02-13-2013, 06:10 PM | #1 |
Member
Posts: 10
Karma: 10
Join Date: May 2012
Device: kindle
|
Help optimizing scanned PDF
Does anyone have experience with scanning a book and then optimizing it as a pdf file?
Since I'm fortunate to have an undergraduate schlepper at work who does photocopies for us underpaid professors, I decided to try an ebook experiment today. I had her xerox an entire book. Our Xerox machine's sheet feeder will then allow you to email an entire set of pages to yourself in various formats. The book was 51 (double column) pages. I find that selecting "compact pdf" results in a file that's not to large but fully readible. So the resultant document is 2MB. I decided to run it through OCR software (Nitro 7) so I could have a document with searchable text. There are few images in the book and none on the pages that contain text. Here's where it starts to get confusing. I used the default settings "searchable text image". I ended up with a 60mb file. And I don't understand why. Why was is it 30x larger than the original? I then tried the alternative setting - "editable text". The resulting document looked the same except the few images and some artifacts were removed. But the file was still 7MB, considerably larger than the original. The only other thing I played around with was the "optimize pdf" feature - using the 7mb file. I removed the embedded fonts. I ended up with a 460kb file, that, near as I can tell, looks the same. I understand in principle what embedding fonts means - so that the doc will look exactly the same on all machines - but the book has few distinct fonts in it. So I'm a bit perplexed at how best to optimize a pdf. I want to keep the file sizes small, but I don't want to lose legibility. I see myself doing this a great deal in the future with books I get from Inter-library loan. It's far easier for my research to have them electronically, to read and annotate on my iPad. And having the text searchable is a major asset. The Nitro user guide is less than helpful. These aren't chemistry or economics textbooks, so there aren't flowcharts, pie graphs and what have you. They're mostly text. |
02-14-2013, 03:59 AM | #2 |
Evangelist
Posts: 450
Karma: 343115
Join Date: Nov 2009
Location: Romania
Device: PW2 2014
|
My advice is NOT to scan them directly as PDF, but as images (preferably TIFF or PNG). Then run the images through Scan Tailor and then through ABBYY FineReader if you want some search functionality. This is the "quick and dirty" way.

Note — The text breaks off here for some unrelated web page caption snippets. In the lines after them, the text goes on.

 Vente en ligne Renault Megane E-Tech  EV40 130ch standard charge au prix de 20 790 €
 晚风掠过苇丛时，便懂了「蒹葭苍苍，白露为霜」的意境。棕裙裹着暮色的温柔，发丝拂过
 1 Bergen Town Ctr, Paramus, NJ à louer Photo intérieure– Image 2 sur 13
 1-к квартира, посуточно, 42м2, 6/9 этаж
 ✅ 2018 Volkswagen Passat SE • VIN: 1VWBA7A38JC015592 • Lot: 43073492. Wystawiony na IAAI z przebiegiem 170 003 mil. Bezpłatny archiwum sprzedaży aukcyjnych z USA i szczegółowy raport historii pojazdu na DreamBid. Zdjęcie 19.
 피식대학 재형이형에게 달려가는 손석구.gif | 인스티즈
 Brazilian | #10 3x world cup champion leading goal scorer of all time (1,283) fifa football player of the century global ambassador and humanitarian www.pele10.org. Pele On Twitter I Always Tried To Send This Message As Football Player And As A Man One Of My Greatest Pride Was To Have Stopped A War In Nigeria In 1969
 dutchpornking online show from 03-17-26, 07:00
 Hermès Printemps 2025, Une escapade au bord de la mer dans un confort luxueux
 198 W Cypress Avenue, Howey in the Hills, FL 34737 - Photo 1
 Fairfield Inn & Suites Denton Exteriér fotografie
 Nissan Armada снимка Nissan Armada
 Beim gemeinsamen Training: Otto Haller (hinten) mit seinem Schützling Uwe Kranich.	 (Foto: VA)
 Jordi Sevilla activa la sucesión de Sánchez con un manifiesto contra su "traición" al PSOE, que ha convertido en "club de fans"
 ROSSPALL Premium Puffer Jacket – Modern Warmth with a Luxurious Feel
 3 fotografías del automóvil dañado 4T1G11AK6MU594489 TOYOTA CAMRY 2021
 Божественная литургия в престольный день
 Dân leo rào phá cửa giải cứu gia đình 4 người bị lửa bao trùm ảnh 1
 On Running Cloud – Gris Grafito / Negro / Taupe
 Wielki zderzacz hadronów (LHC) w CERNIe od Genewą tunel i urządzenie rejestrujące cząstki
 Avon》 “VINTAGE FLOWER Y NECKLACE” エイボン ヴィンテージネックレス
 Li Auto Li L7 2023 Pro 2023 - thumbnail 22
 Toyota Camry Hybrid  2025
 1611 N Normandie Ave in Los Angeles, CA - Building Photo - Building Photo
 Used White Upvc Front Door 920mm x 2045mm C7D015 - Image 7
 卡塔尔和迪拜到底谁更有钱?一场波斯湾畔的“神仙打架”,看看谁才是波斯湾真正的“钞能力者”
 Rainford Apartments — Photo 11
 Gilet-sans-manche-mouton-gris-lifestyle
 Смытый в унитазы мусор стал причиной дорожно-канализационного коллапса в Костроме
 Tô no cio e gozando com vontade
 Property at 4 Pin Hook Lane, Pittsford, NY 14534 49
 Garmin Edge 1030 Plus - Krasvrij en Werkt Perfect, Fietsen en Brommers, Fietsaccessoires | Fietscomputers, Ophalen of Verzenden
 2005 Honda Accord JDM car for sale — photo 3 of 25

The "slow and of-an-exceptionally-high-quality way" would be to OCR it with ABBYY FineReader Professional, proofread the entire thing, process the graphics, track down the fonts, redo the layout in Word or InDesign, export as PDF (and maybe tweak a few things in Acrobat), and proofread again the final product. Not many people are willing to spend the time and effort for this, but the result is of very high quality. It's always a pleasure to read such a book. But first make sure that it's worth it, and that it's not already available as an e-book. Open-source alternatives: LibreOffice, GIMP, Scribus. Last edited by DSpider; 02-14-2013 at 05:09 AM. |
02-14-2013, 03:59 AM | #3 | ||||
Wizard
Posts: 2,297
Karma: 12126329
Join Date: Jul 2012
Device: Kobo Forma, Nook
|
Quote:
Are these clean scans? Or are there lots of speckles, page edges, scanning artifacts. Is this just for your own usage, or for others? (If only for your usage, cleaning up the PDF won't really matter if you are fine with the quality). Quote:
Quote:
There are other OCR programs out there. Here is a list of them on Wikipedia: https://en.wikipedia.org/wiki/Compar...ition_software I personally use ABBYY Finereader. Quote:
Or are you just trying to output the OCRed text/images only? |
||||
02-14-2013, 08:20 AM | #4 |
Member
Posts: 10
Karma: 10
Join Date: May 2012
Device: kindle
|
Thanks!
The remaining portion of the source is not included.